Pero podemos ir más adelante aún en el amor a Dios. Nuestro amor por Él será mucho más perfecto, si intentamos evitar al máximo, según cabe a la debilidad humana, incluso los pecados veniales no deliberados, es decir, aquellos que proceden de nuestra flaqueza, de nuestra naturaleza caída. Verdad es que, aunque no lo queramos, se nos filtrarán este tipo de pecados, pero el punto aquí es que no queramos cometerlos y que estemos pendientes y vigilantes para disminuir al máximo su número.
Asimismo, ayudará muchísimo a que podamos tener y crecer en el amor a Dios el apartamiento del mundo y de las cosas mundanas que tanto nos exponen al peligro de pecar: música, series, películas, videos, redes sociales y un largo e interminable etcétera de cosas que nos absorben e impiden que amemos a Dios con todo el corazón, toda el alma y toda la mente.

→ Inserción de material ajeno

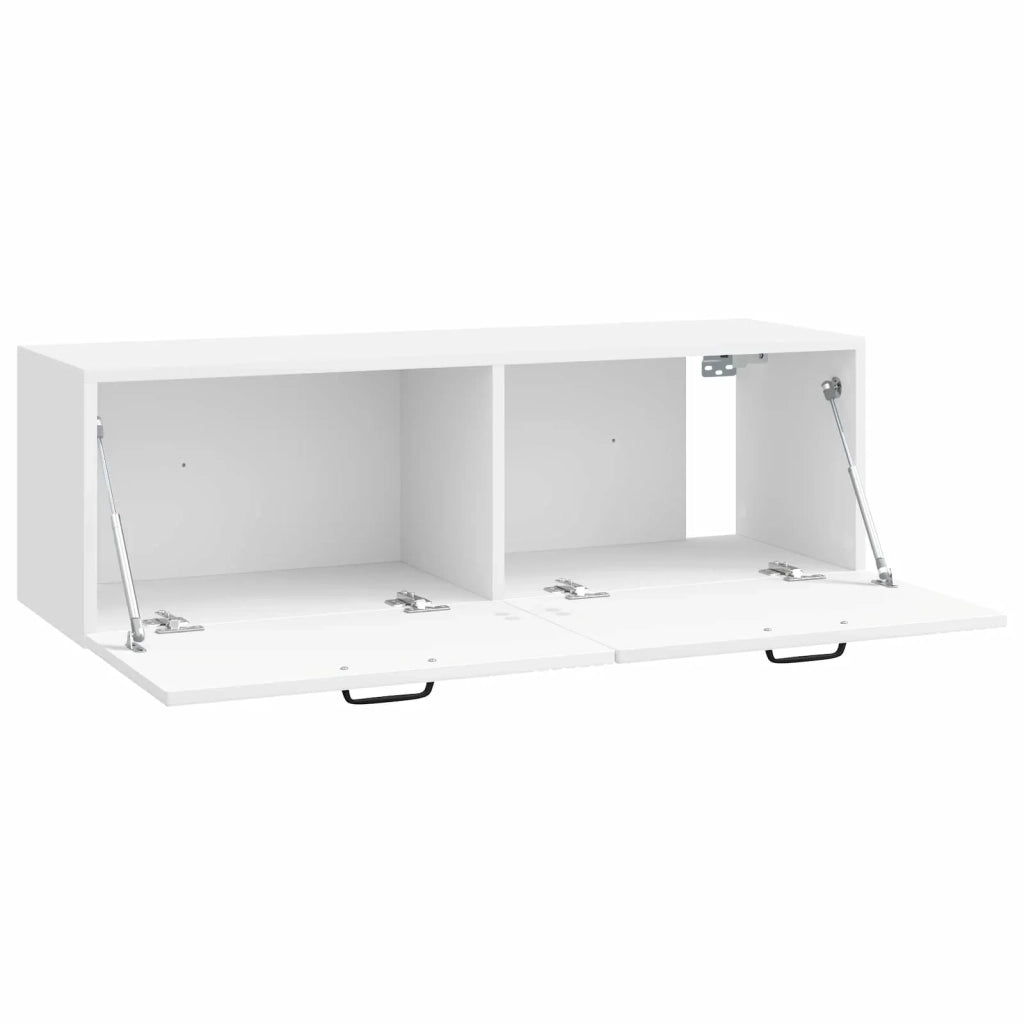 Mobile Porta TV da Muro Bianco Lucido 98 x 31 x 30 cm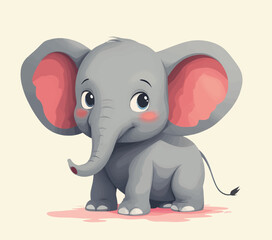 Naklejka premium Cartoon Baby Elephant with Big Eyes and Pink Ears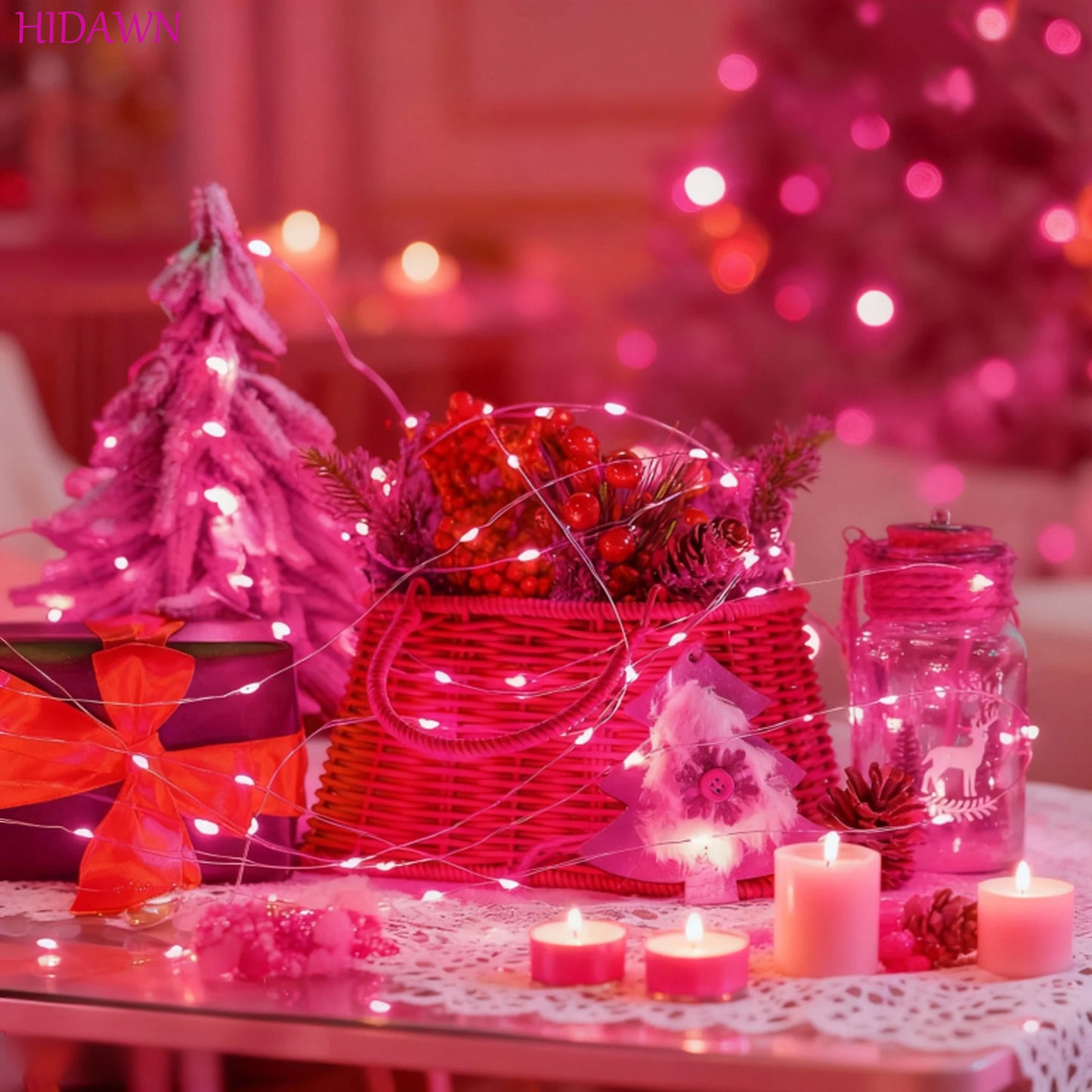 HIDAWN Pink Fairy Lights Battery Operated, 33Feet 100 LEDs Mini Battery Powered String Lights, Waterproof Lights Mason Jar Lights for Home Wedding Christmas Decoration ﻿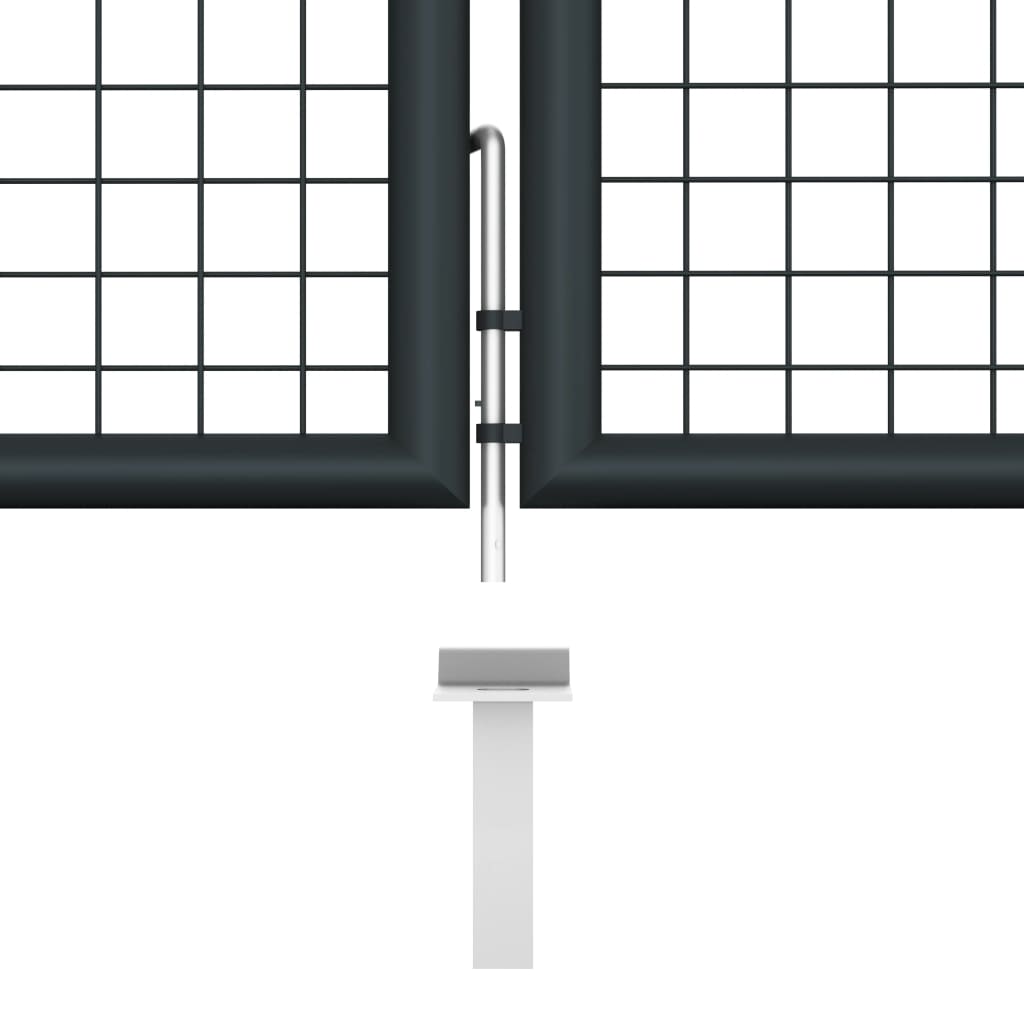 Mesh Garden Gate Galvanised Steel 400x100 cm Grey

No olvidemos que Dios nos pide el corazón entero, no sólo una parte. Por tanto, cortemos con tanta cosa y —perdonen la palabra— “bobada” mundana y démonos del todo a Dios, que allí se cifra y está la verdadera felicidad: en amar y servir a Dios. El mundo da fugaces placeres que presto pasan y dejan un tremendo vacío, mientras que Dios con su amor llena y da paz al alma, esa bendita paz que el mundo no puede dar.
Y a lo hasta ahora dicho simplemente queremos añadir que, evidentemente a todo ese huir y apartarnos del pecado de que hemos hablado —del pecado mortal, venial deliberado, etc.—, hay que unir la práctica de la virtud, pues nuestra Santa Religión Católica no consiste en un serie de prohibiciones —“eso no se puede”, “esto está prohibido”, “esotro es pecado”—, sino en practicar el bien, realizar buenas obras.
Por lo cual, para amar mucho a Dios hemos de llevar a cabo buenas acciones, especialmente de misericordia para con nuestro prójimo, pues, como decíamos al inicio, si amo a Dios, amaré a mi prójimo, y, en este sentido, el amor al prójimo se convierte también en un indicativo de si tengo amor a Dios, o como dice San Juan Apóstol: “Quien no ama a su prójimo a quien ve, ¿cómo amará a Dios a quien no ve?3. Por tanto, como podemos apreciar, es muy importante nos ejercitemos en la caridad hacia nuestro prójimo, no sólo material —con limosnas, por ejemplo—, sino muy principalmente con la espiritual, esto es, practicando las obras de misericordia espirituales.

3 1 Juan 4,20

(Conclusión)

En todo caso, ya concluyendo, queridos fieles, meditemos asiduamente el día de hoy las palabras “amarás al Señor tu Dios con todo tu corazón, con toda tu alma y con todo tu entendimiento” y miremos nuestra vida y preguntémonos si el amor de Dios está en verdad en nosotros; analicémonos y veamos si habitualmente vivimos en estado de gracia o, por el contrario, si habitualmente nos hallamos en pecado mortal; veamos, asimismo, que empeño ponemos en evitar los pecados veniales deliberados y cuánto nos esforzamos por no cometer siquiera faltas que proceden de nuestra flaqueza; si nos dejamos absorber por las cosas mundanas y practicamos o no la caridad para con nuestro prójimo necesitado.
Mirémonos, pues, a nosotros mismos y pidamos a Dios nos dé la gracia de poder discernir qué amor le tenemos, si es poco o mucho, o ninguno.

Pidamos, asimismo, a María Santísima nos alcance la gracia de poder amar verdaderamente a Dios sobre todas las cosas y que podamos perseverar en ese santo amor hasta la muerte.

Ave María Purísima. Padre Pío Vázquez.